Reflections on Life through poetry, essays and photos
A Garden Walk with my Mother on her Birthday: FOTD Nov 16, 2019
Two of my favorite people share today as a birthday. One is Forgottenman, who has, I hope, already received his photo tributes via Jibjab, but now I’m thinking about my Mother, who would have been 110 today if she had lived.
Recently I read a letter where she mentioned how when I was a baby I used to pick the heads off flowers and bring them to her. Misguided then, as I still am now in some matters, I have nonetheless learned to leave the flowers where they grow. I took a little walk in my garden today, Mother, imagining you were here with me, seeking out the flowers that are less profuse now than they were a few months ago.
Winter comes to Mexico as well, and although it cuts a less-wide swath, our cold snap seems to have inhibited the hibiscus and even the poinsettias, that should be fully in bloom by now. This is what you would have seen if you had been able to take my walk with me.
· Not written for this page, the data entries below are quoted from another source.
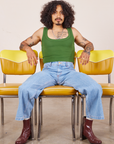 Jesse is wearing Cropped Tank Top in Lawn Green and light wash Sailor Jeans. They are sitting on a yellow chair.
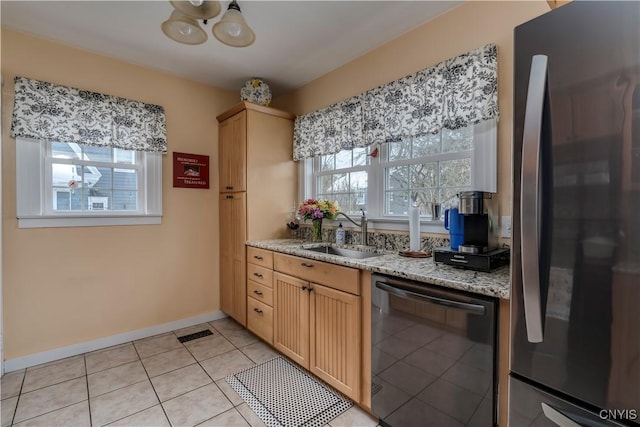 kitchen featuring light tile patterned flooring, a sink, visible vents, black dishwasher, and freestanding refrigerator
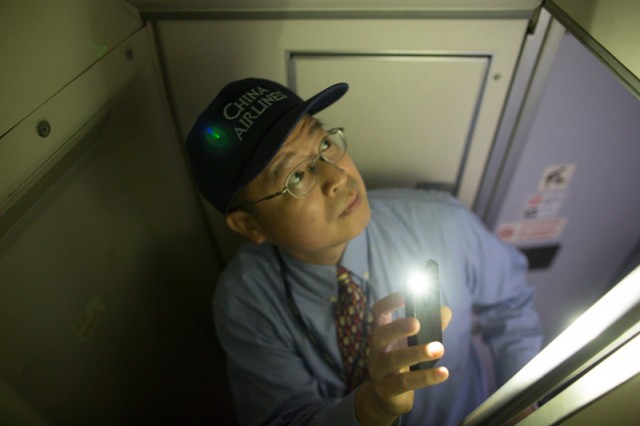 Boeing fleet manager Chieh-Li "Jerry" Wang takes a look inside the rear crew-rest of the Boeing 747.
If you click on the first photo, all of the photos will enlarge and you can go through them as a slide series and also read their captions:
This little begonia is easily overlooked.
Berries on the heavenly bamboo will need to substitute for holly.
This orange thunbergia is beautifully invasive.
The lipstick plant seems to bloom year round but is hard to photograph.
This is the one vibrant rose-colored hibiscus that hasn’t chosen to stray over to my neighbor’s side of the wall.
All of my jade plants are flowering, many of the blooms gone to seed.
This is the only hibiscus presently blooming, other than the large bush next to the wall, where most of the blooms are growing on the side that droops over my neighbor’s wall.
These thunbergia are on of the hardest flowers to photograph. I don’t know why.
Morrie and Diego are very interested in this new little rock garden at the junction of the two brick pathways because it was a section they used to pretty consistently dig up, either to eat grass or to bury their bones. Now they are somewhat mystified by what has sprung un in their playgeround, even a month after the planting.
I almost missed these papaya blooms. In another month I hope to be eating the fruit beneath them.